Since the copy must hold text only, transcribe the data below exactly and omit the images.

════════════════════

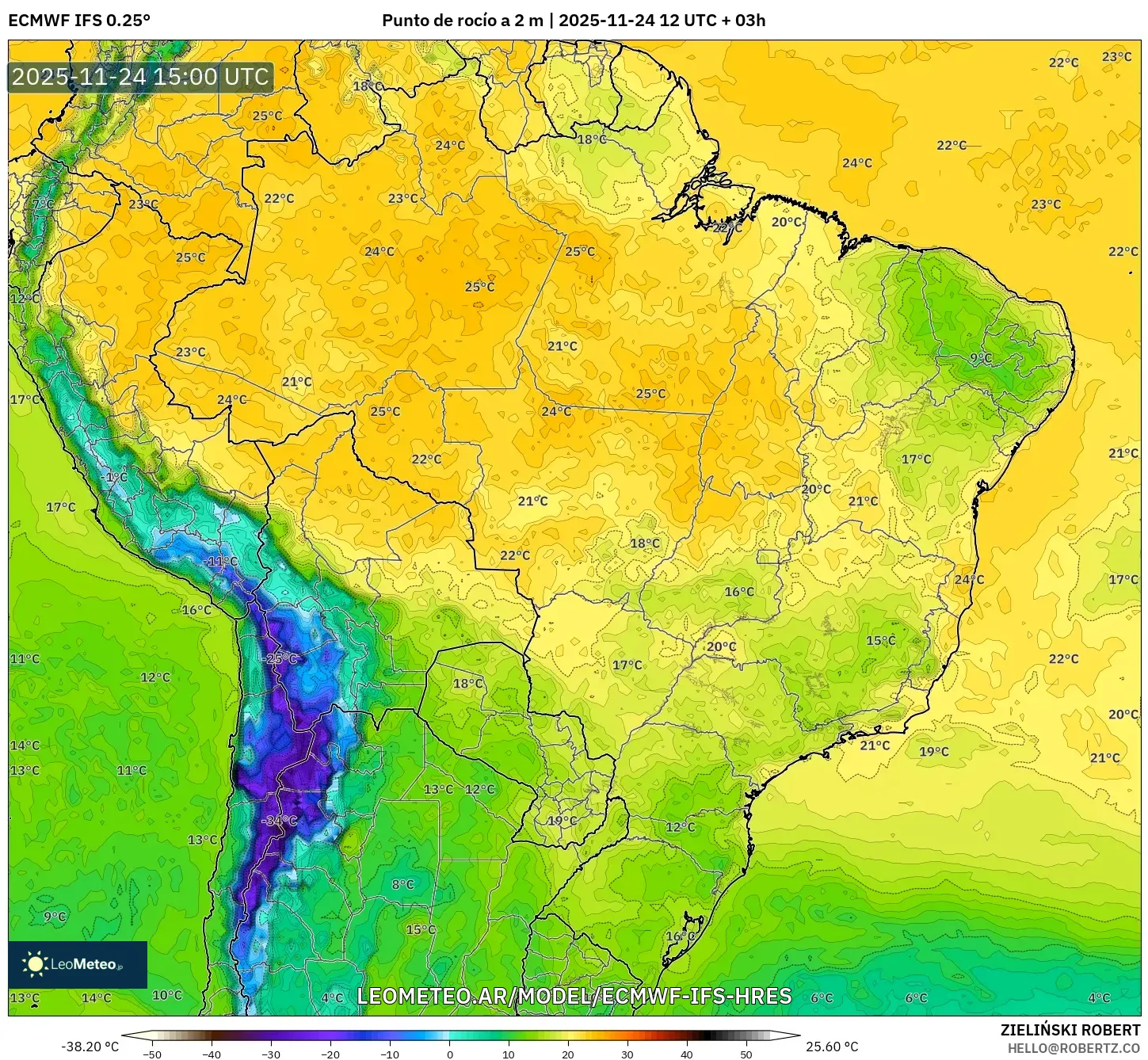 ECMWF IFS 0.25° model - Brasil, Punto de rocío a 2 m
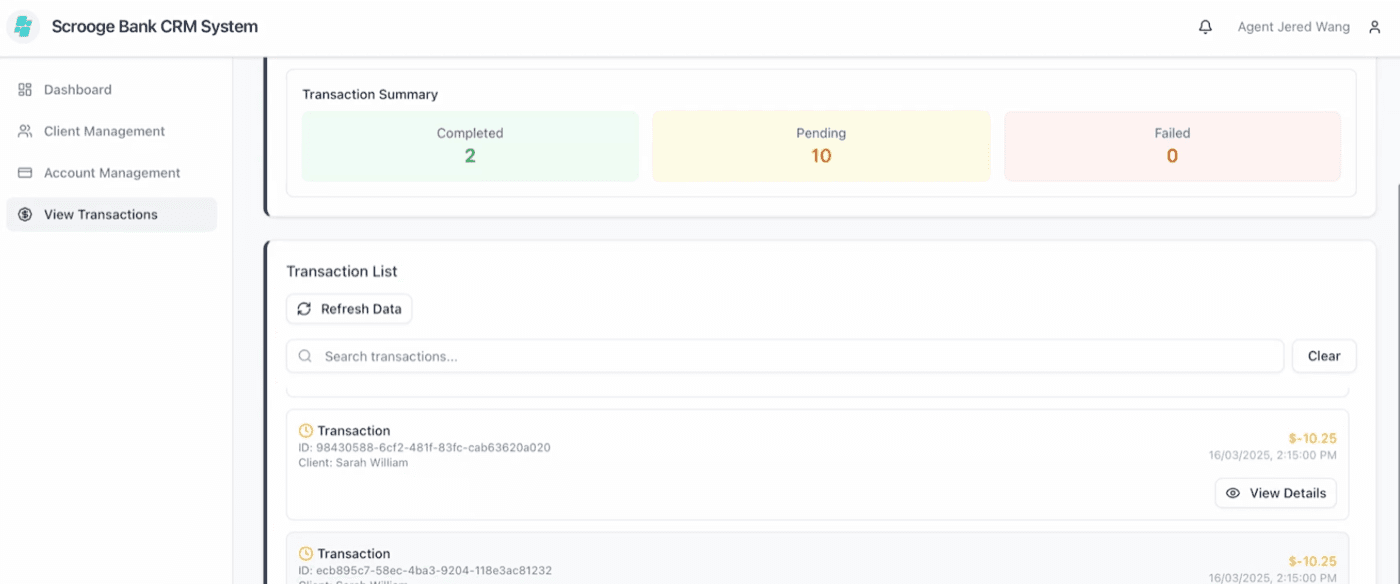 Scrooge Bank CRM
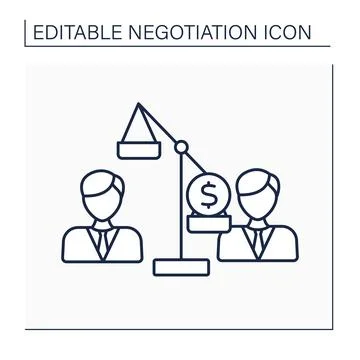 Zero-sum line icon Stock Illustration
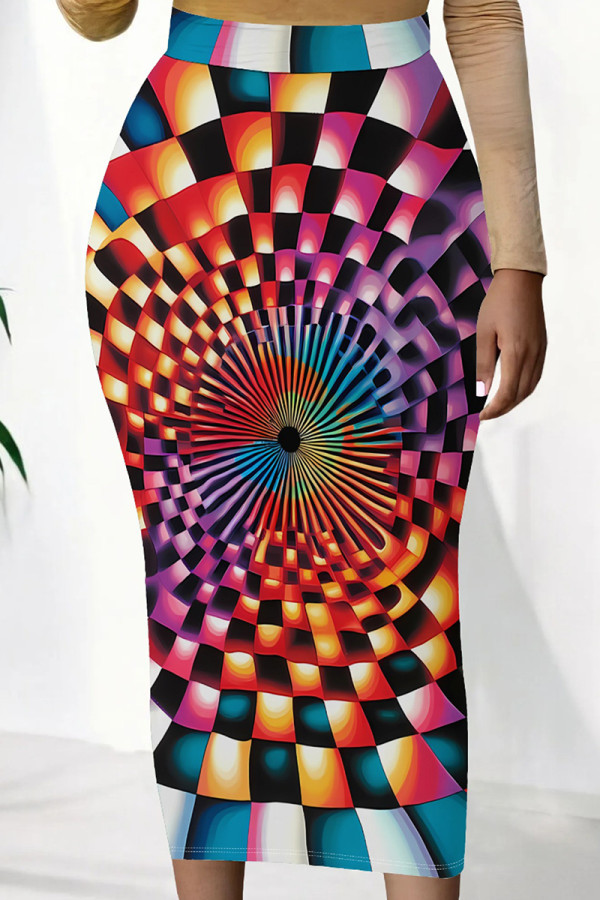 Orange Purple Casual Print Patchwork Regular Mid Waist Full Print Bottoms
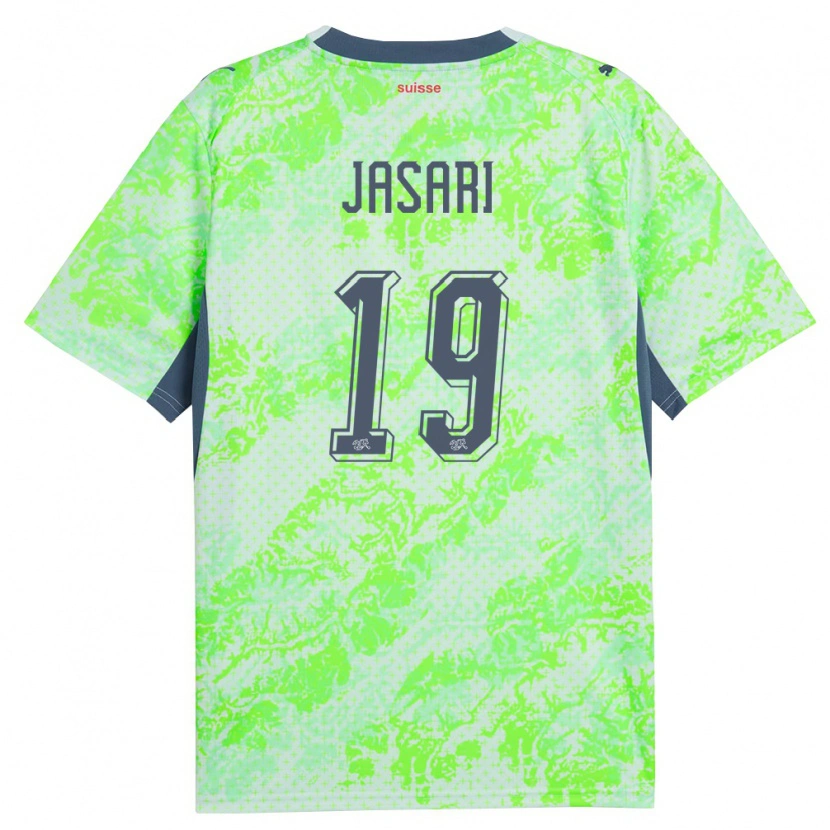 Danxen Hombre Camiseta Suiza Ardon Jasari #19 Verde Marino 2ª Equipación 26-28 La Camisa México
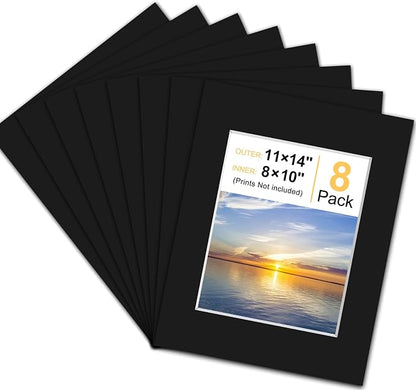 Phinus 8 Pack Picture Mats for Frames, Acid Free 11x14 Matted to 8x10, Picture by Phinus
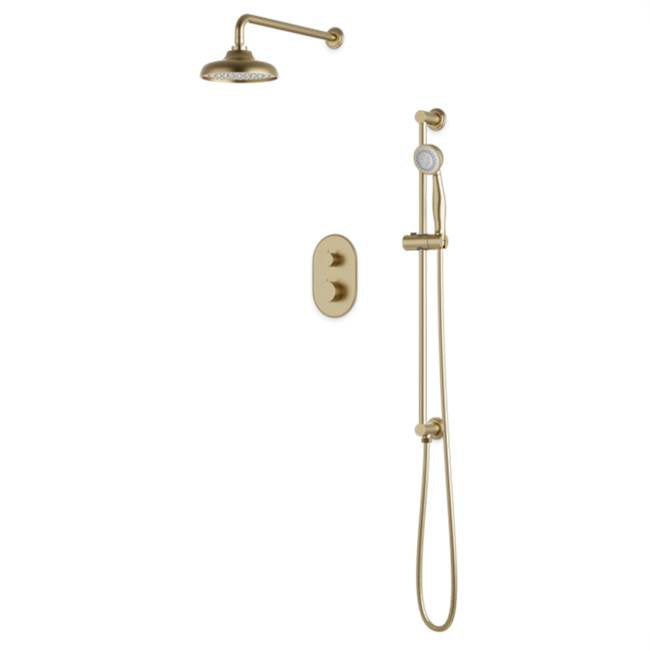 Artos - Classic Thermostatic Shower Trim Kit with Wall Mount Shower Head, Hand Held Shower on Slide Bar Satin Brass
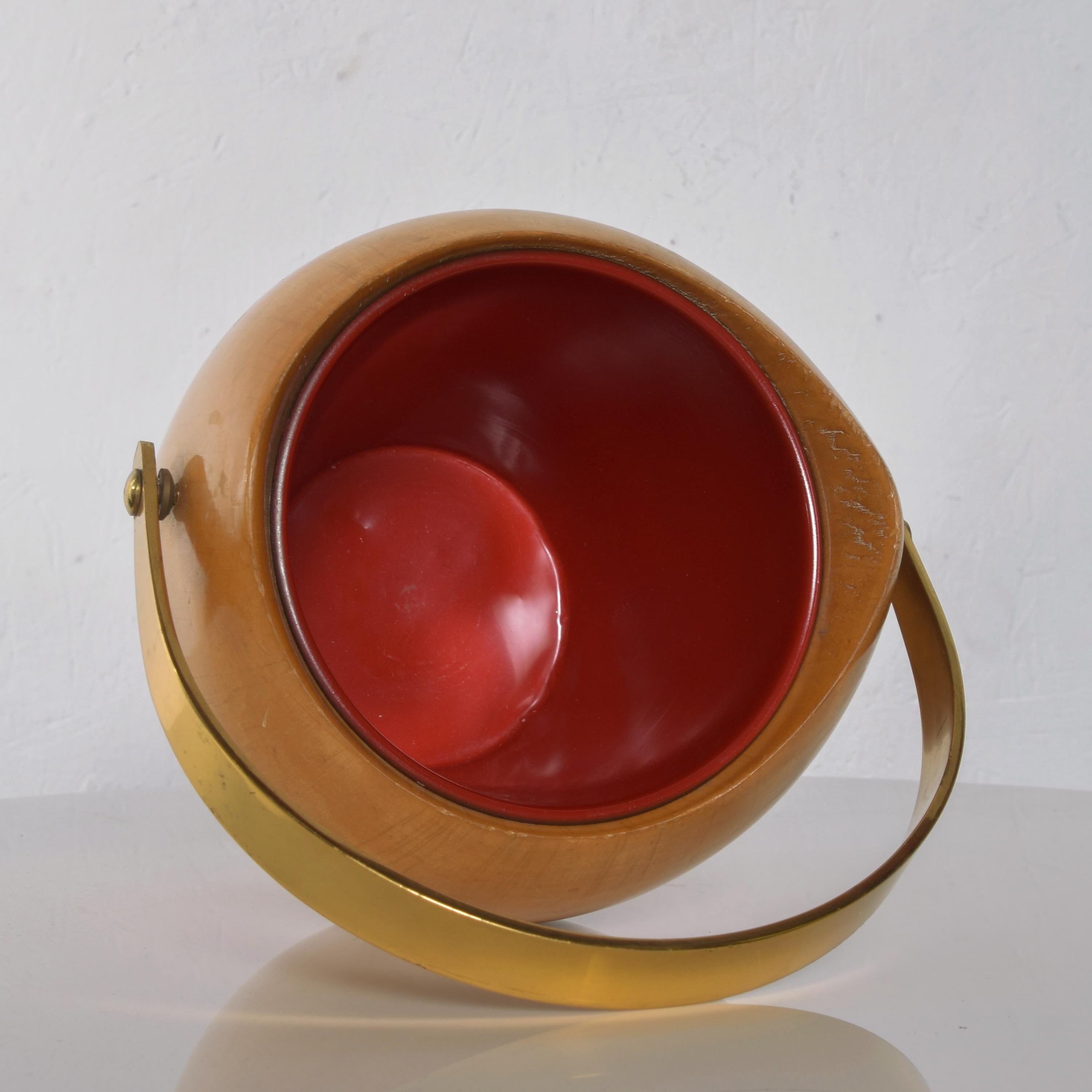 Mid-Century Modern Aldo Tura Italy Macabo Sculptural Ice Bucket Glossy Wood & Polished Brass + Red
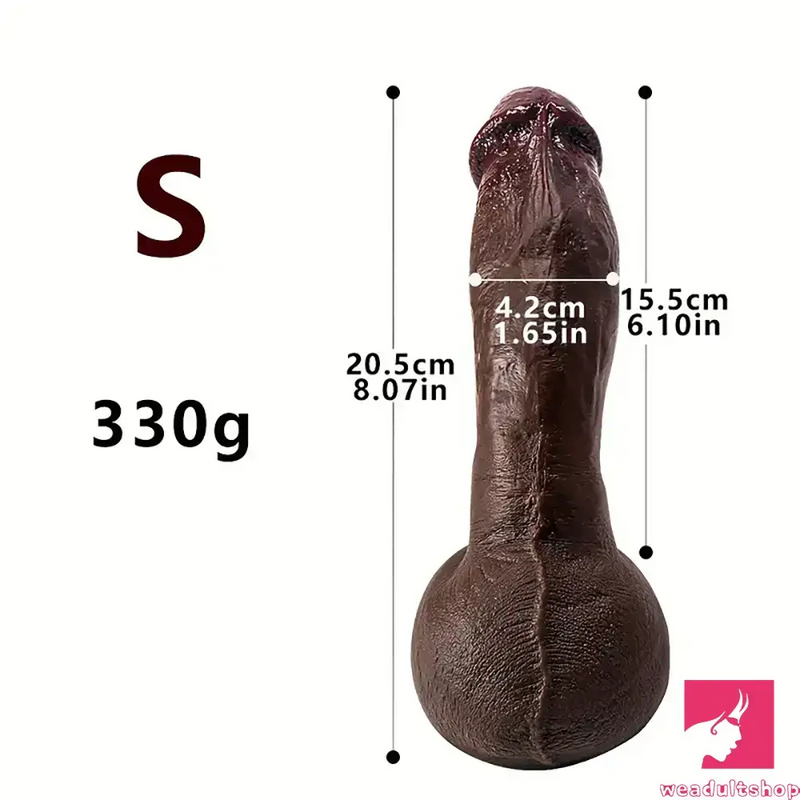 8.07in 8.66in 9.44in Ebony Silicone Soft Real Big Dildo For Pleasure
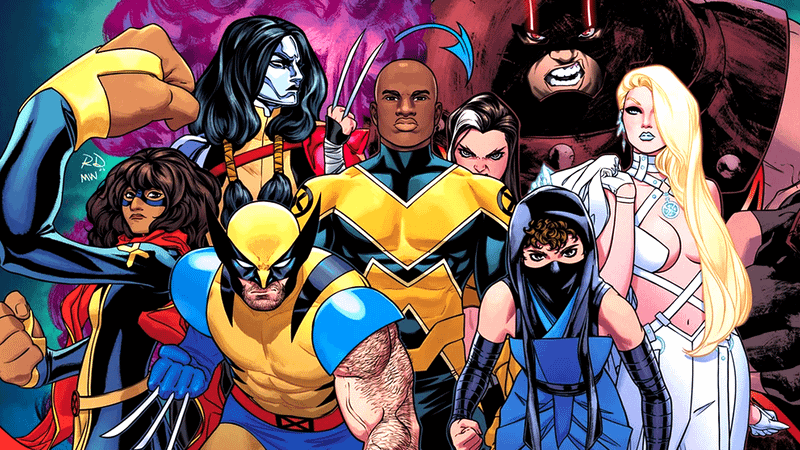 Ms. Marvel, Wolverine, Emma Frost, Nightcrawler, Colossus, and other X-Men characters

════════════════════

EXERCISE SOLUTION:
 ECMWF IFS 0.25° model - Brasil, Punto de rocío a 2 m
 Scrooge Bank CRM
 Zero-sum line icon Stock Illustration
 Orange Purple Casual Print Patchwork Regular Mid Waist Full Print Bottoms
 Danxen Hombre Camiseta Suiza Ardon Jasari #19 Verde Marino 2ª Equipación 26-28 La Camisa México
 Phinus 8 Pack Picture Mats for Frames, Acid Free 11x14 Matted to 8x10, Picture by Phinus
 Artos - Classic Thermostatic Shower Trim Kit with Wall Mount Shower Head, Hand Held Shower on Slide Bar Satin Brass
 Mid-Century Modern Aldo Tura Italy Macabo Sculptural Ice Bucket Glossy Wood & Polished Brass + Red
 8.07in 8.66in 9.44in Ebony Silicone Soft Real Big Dildo For Pleasure
 Ms. Marvel, Wolverine, Emma Frost, Nightcrawler, Colossus, and other X-Men characters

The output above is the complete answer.